Variegated pothos has unusual leaf colors like white, silver, and gold. These plants have adjacent cells of more than one genotype, and that causes this phenomenon.

This phenomenon is called “chimeral variegation,” which is unstable and unpredictable. Therefore, a gardener won’t know what their leaves will look like before they sprout.

This genetic mutation or “deformity” is what makes these plants highly sought after by plant enthusiasts or customers.

Because one cannot control these mutations, it’s impossible to create variegated pothos with your desired color and pattern. Also, no gardening technique can make them produce flowers.

Variegated Pothos Patterns

Variegated Pothos Patterns

Though not all are the same, you will find these patterns among variegated pothos plants:

  • Flecks – This consists of small dashes of color on the leaves of the variegated pothos. This is one of the most common patterns you can find, with Golden Pothos as one example.
  • Splashes – These are characterized by splash marks of different shapes on the leaves. The Hawaiian pothos plant is one good example of this pattern.
  • Wavy Stripes – This is a stylish cultivar pattern where flowy lines form around the center or edges of the pothos leaves. It’s rarer than the other kinds mentioned in this section!
  • Patches – On the other hand, patches are larger marks that cover the entire pothos leaf or for the most part of it.

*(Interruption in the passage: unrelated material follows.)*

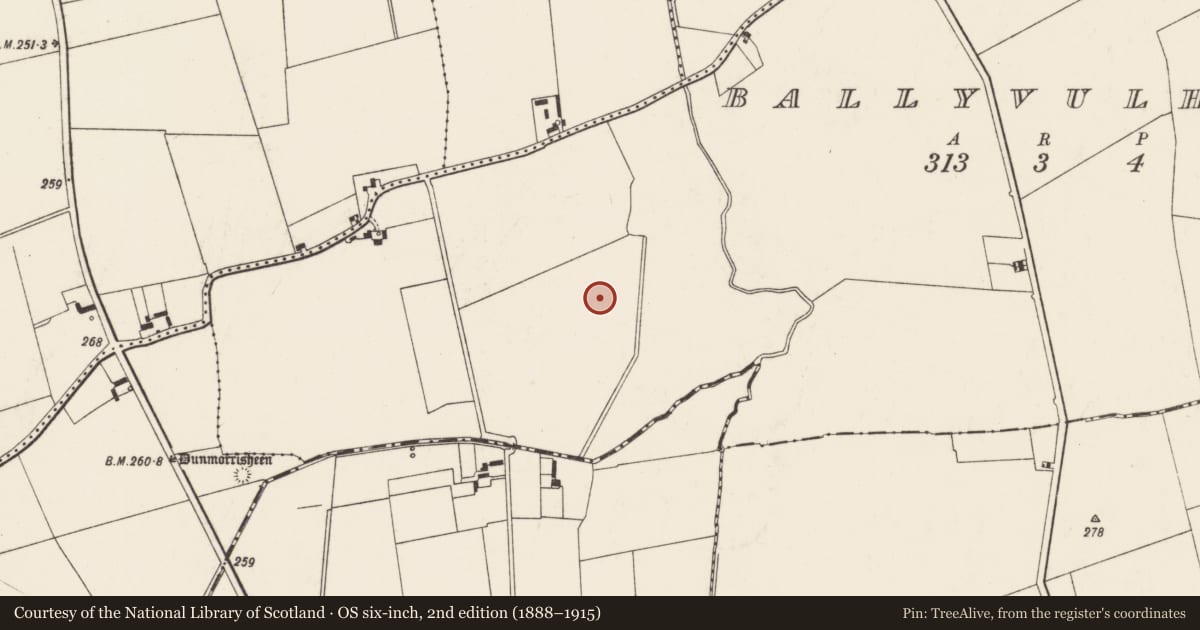 Ordnance Survey six-inch map, 2nd edition (1888–1915) covering the location of Barrow - ditch barrow, Ballyvulhane, County Limerick, with a pin at the register's coordinates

What Variegated Pothos to Get

Below are a few variegated pothoses you might want to get and a note on their distinct appearance:

  1. Golden Pothos

The leaves of the Golden Pothos are deep-green with lovely yellow dash marks. Hence, the name.

  1. Manjula

This pothos plant features a combination of flecks and spots in a nice cream yellow.

  1. Marble Queen

The Marble Queen is an extraordinary cultivar that’s been around for a while. It’s known for its ivory white leaves with a series of green flecks.

  1. Snow Queen

Closely related to the marble queen, Snow Queen pothos is much the same except that the leaves are a cooler white rather than ivory white.

How to Care for Variegated Pothos Plants

Check out the information below to know how to care for your variegated pothos plants.

  • Sunlight – They require bright, indirect light. Both low and medium-light can be tolerated by the variegated plant.

They are ideal in north-facing houses and thrive during summer when days are shorter.

  • Watering – You should aim to water your pothos every week or two weeks. If the climate is hot, water more often.
  • Temperature – Pothos plants prefer a temperature between 65℉ and 85℉. If your yard is cooler, remember that the plant can withstand 60℉ and not any lower than that.
  • Moisture – At best, pothos plants need a moisture level of 50% to 70%, though they can endure an environment with dry or normal humidity.
  • Fertilizer – You can feed the plant with a balanced liquid fertilizer every four to six weeks, especially when you notice that it isn’t growing as fast. 

But for highly variegated plants, you can put off your fertilizing for up to two months to keep them healthy.